The Michael Palin Collection: 8 Classic Series

BBC Warner, $249.98

It's not everyone who gets to return to the scene of his own crucifixion and bloody demise. Sure, they say Jesus pulled it off, more or less, but frankly, that's old news. Far more relevant to today's armchair resurrectionist is the second coming of Michael Palin, whose endlessly fascinating post-Python peripatetics have allowed him to revisit the former set of Monty Python's Life of Brian, aka the Ribat, Monastir, Tunisia. (Palin's also a good deal wittier than the Nazarene, when you get right down to it.) Tunisia is just one stop on a global journey that has spanned nearly two decades and seven award-winning documentaries, all starring the terminally genial Brit-wit and all collected here on – holy fucking Christ! – 19 DVDs.

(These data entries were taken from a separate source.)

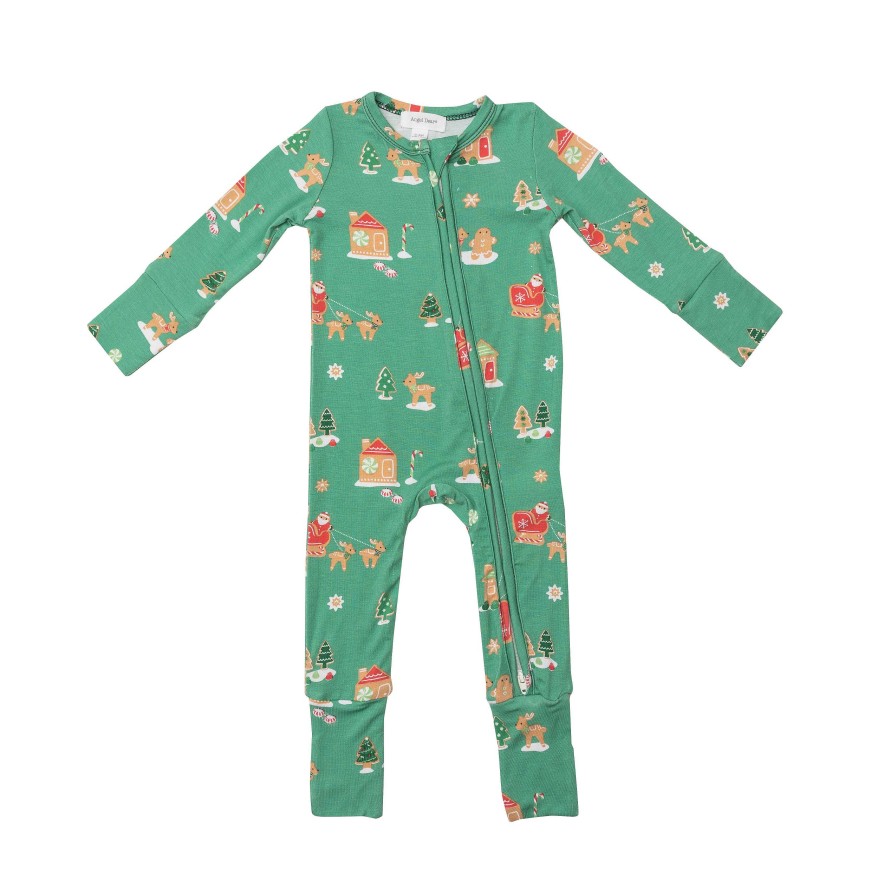 Boy Angel Dear | 2 Way Zip Romper, Green Gingerbread Sleigh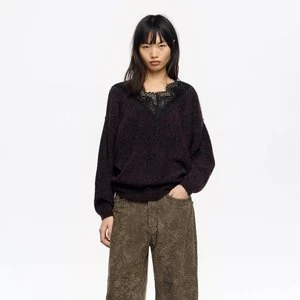 Sweter moher koronka ciemnobordowy BIMBA Y LOLA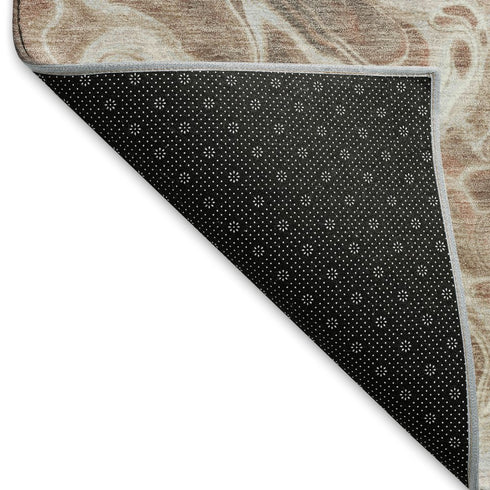9' X 12' Rust Beige And Ivory Abstract Washable Area Rug With UV Protection
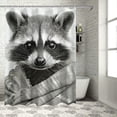 thumbnail image 1 of Orinice Raccoon Bathroom Decor Set Colorful Luxurious Graphic Print Polyester Fabric Fashion with Hooks Shower Curtain Washable Multi Size Waterproof Shower Curtain for Bathroom 60x72, 1 of 7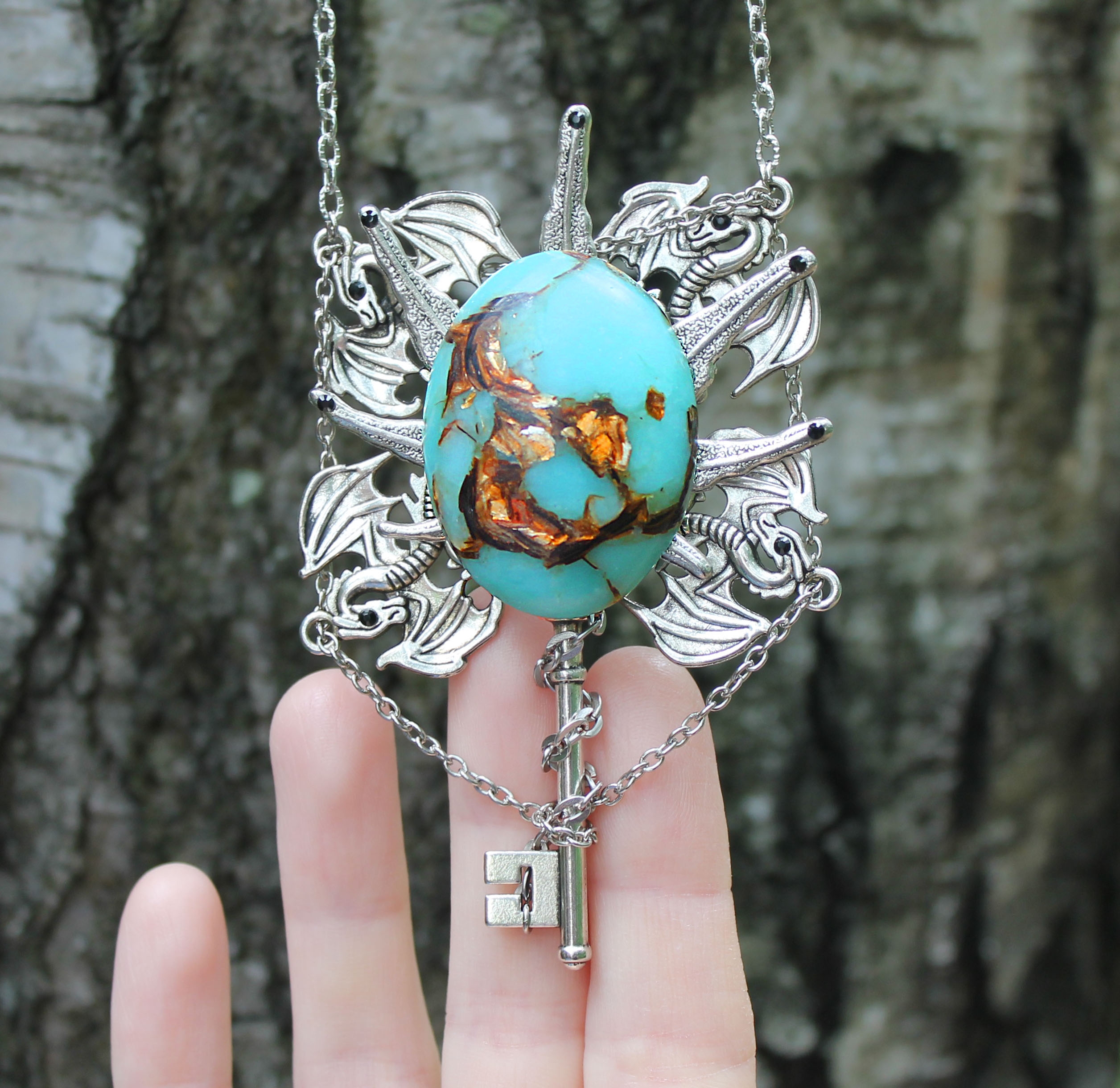 Оригинальный Винтажный Кулон - Ключик "Яйцо Дракона"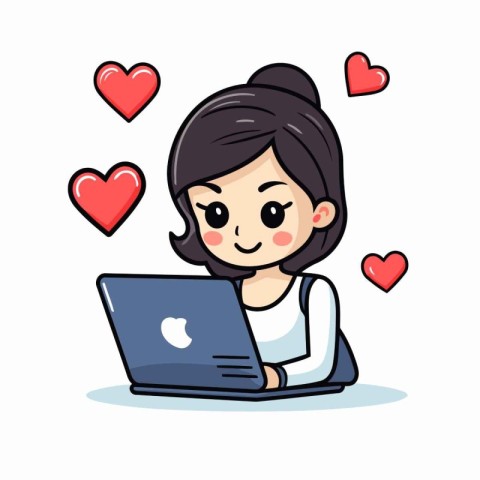 Lovely Girl Using Laptop - Cute Cartoon Vector Illustration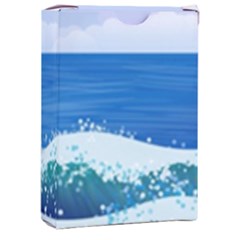 Illustration Landscape Sea Ocean Waves Beach Blue Playing Cards Single Design (rectangle) With Custom Box by Mog4mog4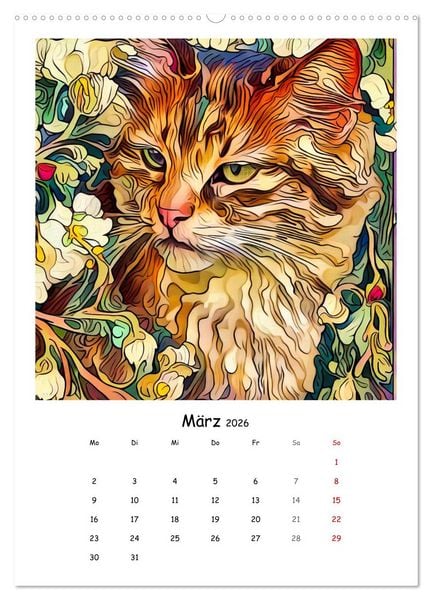 Produktbild: Jugendstil Katzen (Wandkalender 2026 DIN A2 hoch), CALVENDO Monatskalender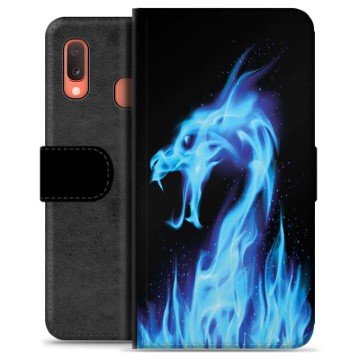 Samsung Galaxy A20e Premium Lommebok-deksel Blå Flamme Drage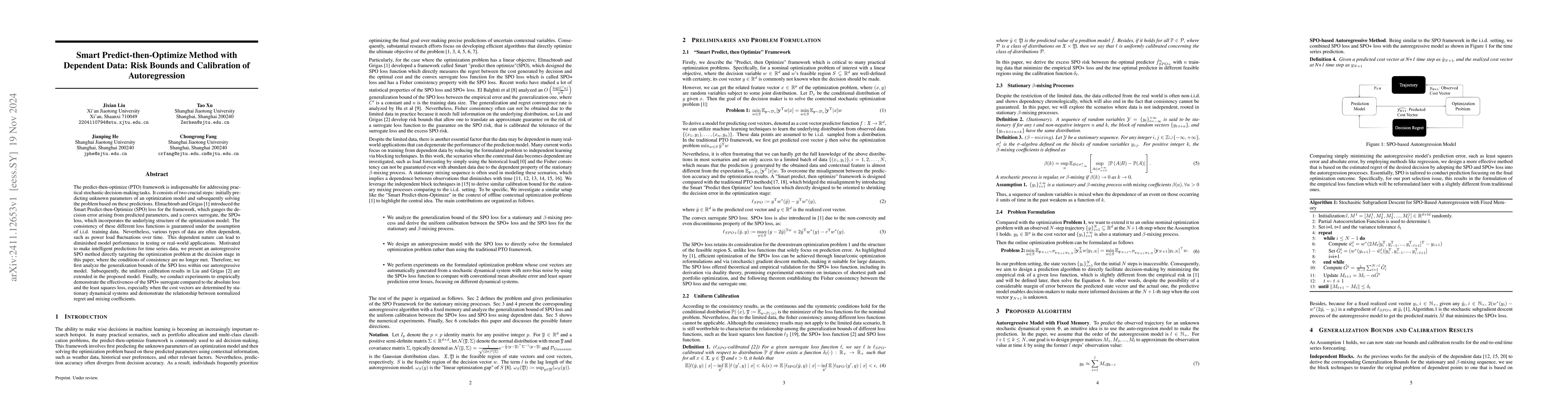 Thumbnail for Smart Predict-then-Optimize Method with Dependent Data: Risk Bounds and
  Calibration of Autoregression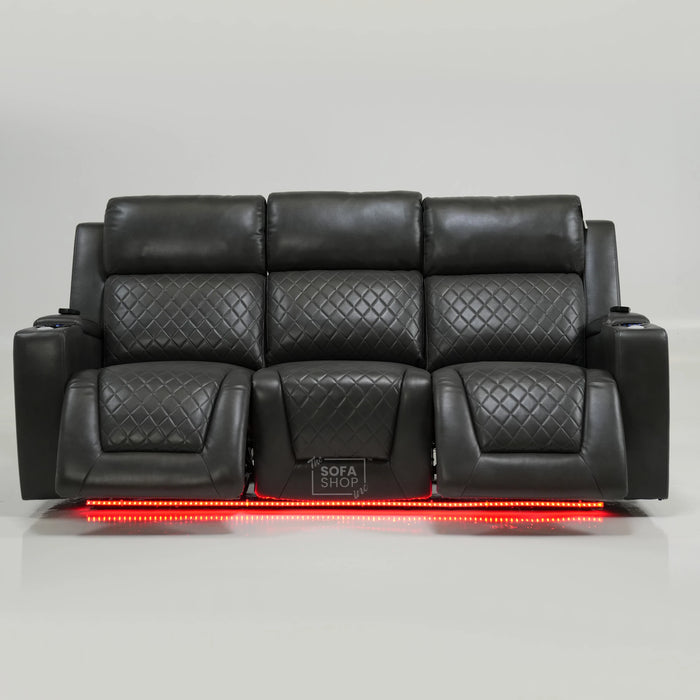 3 Seater Electric Recliner Sofa With Massage, Cooling Cups & USB | Small Scuffs on LHF & RHF | Venice | Second Hand Sofa SS08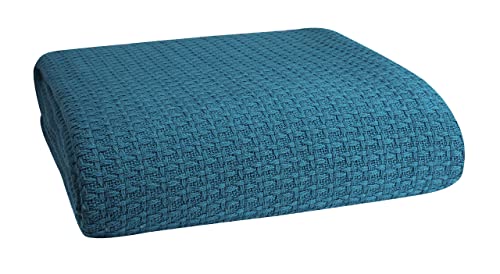 Cotton Bed Blanket, Teal Green - Perfect for All Seasons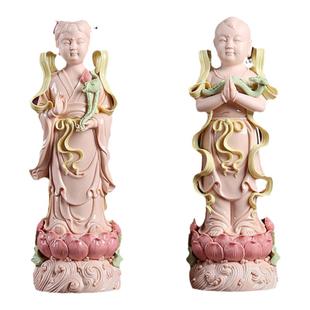 戴玉堂善财童子龙女金童玉女陶瓷观音菩萨像佛像家用客厅供奉摆件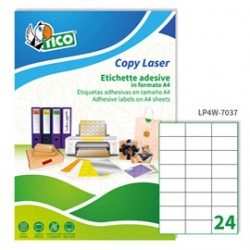 Etichetta adesiva LP4W - permanente - 70x37 mm - 24 etichette per foglio - bianco - Tico - conf. 100 fogli A4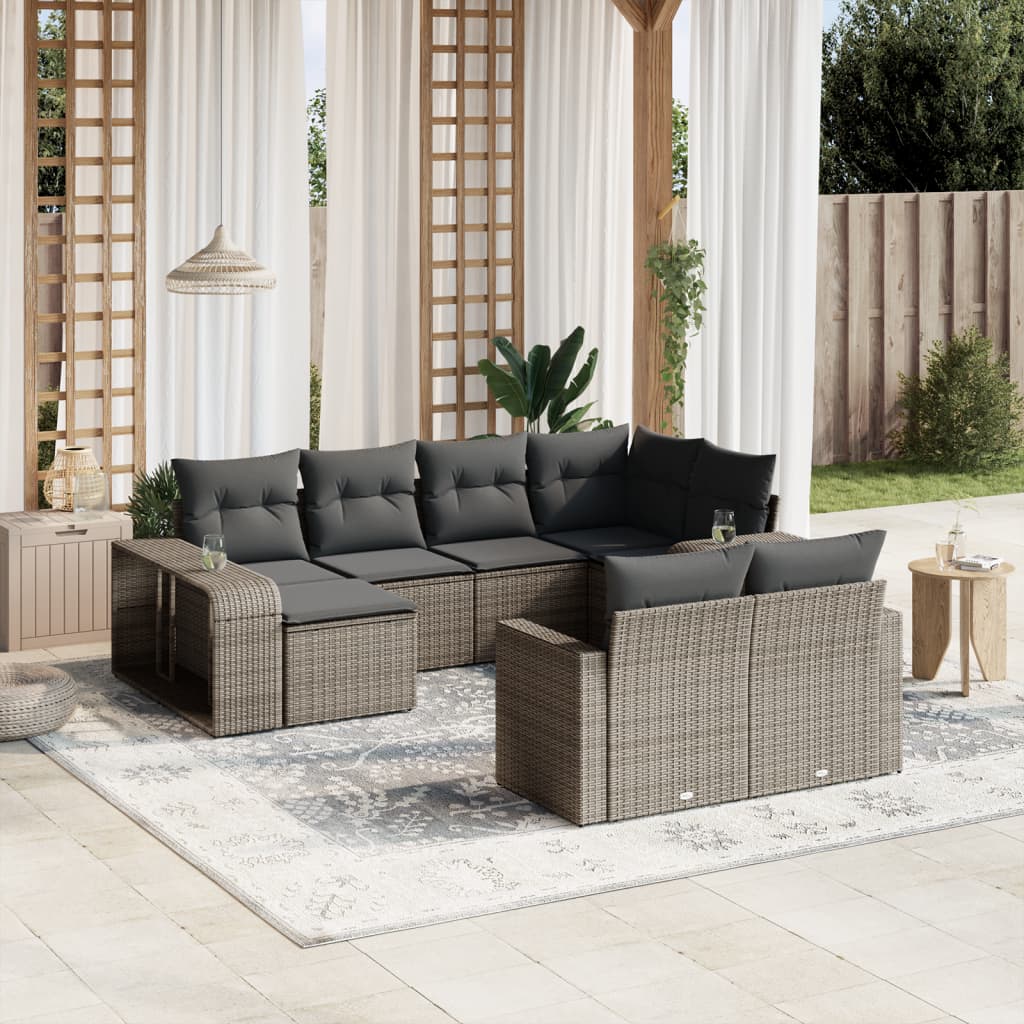 sofasæt til haven 10 dele med hynder polyrattan grå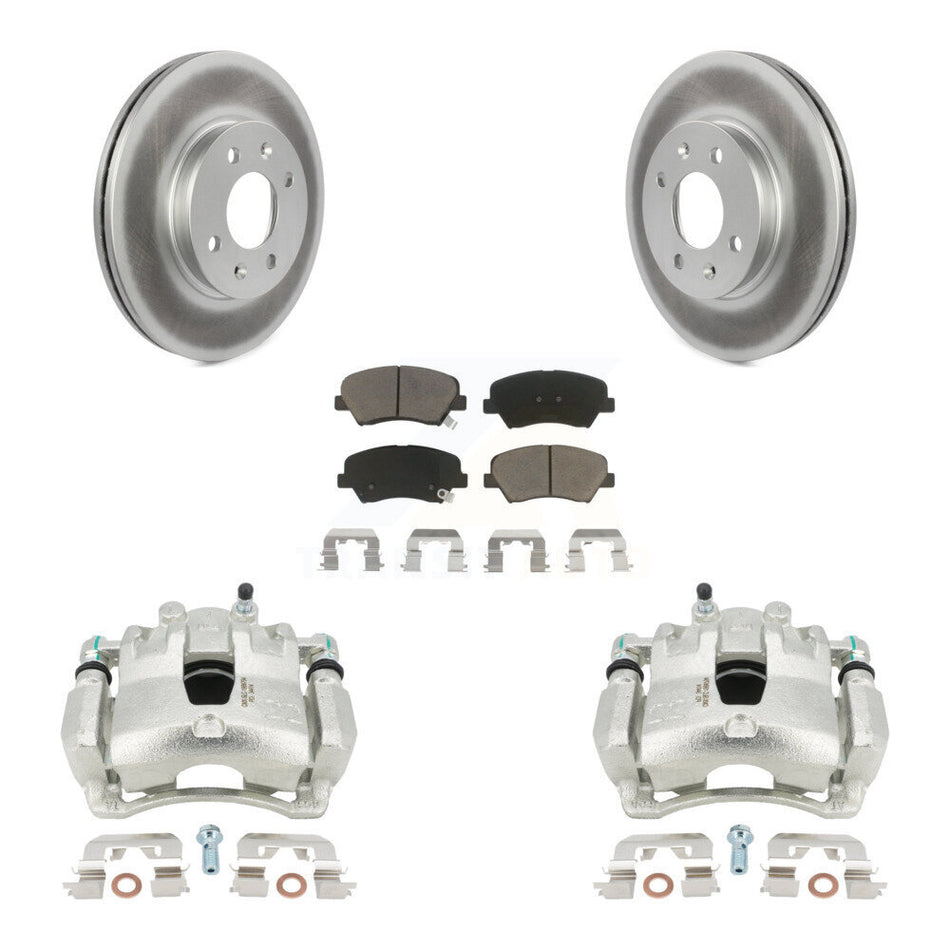 Front Disc Brake Caliper Coated Rotors And Ceramic Pads Kit For Hyundai Accent Kia Rio KCG-100480C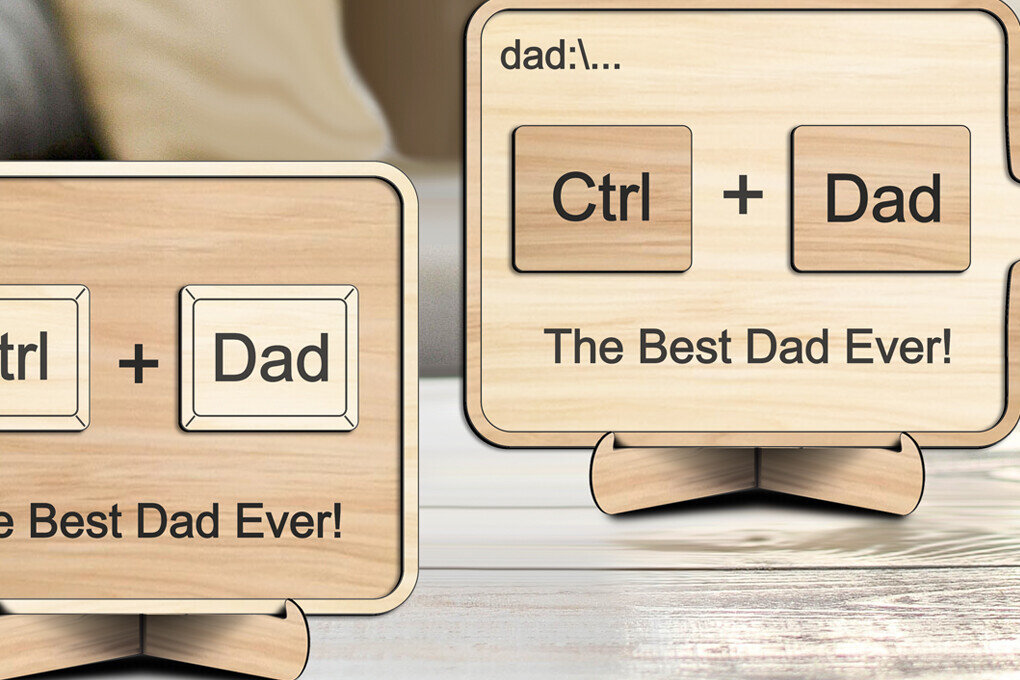 Intra απο ξύλο plywood  Χρώμα wenge 3mm-4mm πάχος - Ημέρα του πατέρα Ctrl Plus Dad Κοπή Δίασταση 20x25 cm INTRAFABR-24446421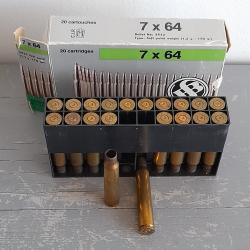 Etuis vides 7x64 Sellier & Bellot, tir&eacute;s 1 fois, dans leur bo&icirc;te d'origine (x20)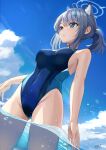  1girl bare_arms blue_archive blue_eyes blue_sky blush breasts bright_pupils cloud cloudy_sky competition_swimsuit covered_navel cross_hair_ornament dutch_angle grey_hair hair_ornament halo highres m.a.y. medium_breasts mismatched_pupils ocean one-piece_swimsuit parted_lips partially_underwater_shot shiroko_(blue_archive) shiroko_(swimsuit)_(blue_archive) sidelocks signature sky solo swimsuit two-tone_swimsuit wading water wet white_pupils 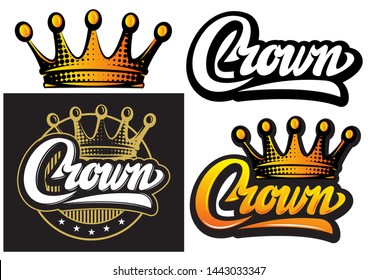 Vector illustration with set of crowns. Isolated clipart
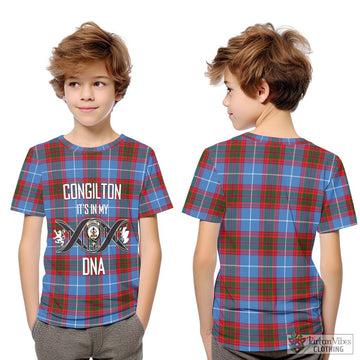 Congilton Tartan Kid T-Shirt with Family Crest DNA In Me Style Youth XL Size14 - Tartan Vibes Clothing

Palin has always been game for anything, and his BBC-assigned jaunts are a plummy gig in any language, but our favorite is his bold attempt to traverse the fictional footsteps of Jules Verne's globe-trotting Phileas Fogg. Going Around the World in 80 Days was already a deucedly dangerous dare in 1873, when Verne's epic fiction was first published, but it proves even more preposterous in 1989. Eschewing air travel altogether, the hopelessly comic romantic instead finds himself at the mercy of byzantine Indian railway timetables, potentially treacherous Pacific sea voyages, and, most dangerous of all, American highways. The odds against him completing such a venture in this modern world are ill-advised, and his Passepartout is less of a valet and more of a documentary film crew, but it's genius nonetheless. At this point, it's difficult to think of somewhere Palin hasn't been. He's like some elfin, Earl Grey-sipping Werner Herzog, minus the macho but not the Picchu (see Full Circle). In between traversing The New Europe (Sarajevo, Budapest, Albania, etc.) and voyaging, literally, Pole to Pole, the former Python's own brand of Boy's Own adventures develops a decidedly humanistic stride. Which is, of course, what makes these brilliantly staged megatravelogs so very edifying in the first place: Palin is ceaselessly curious about his fellow man, and he makes us curious, too.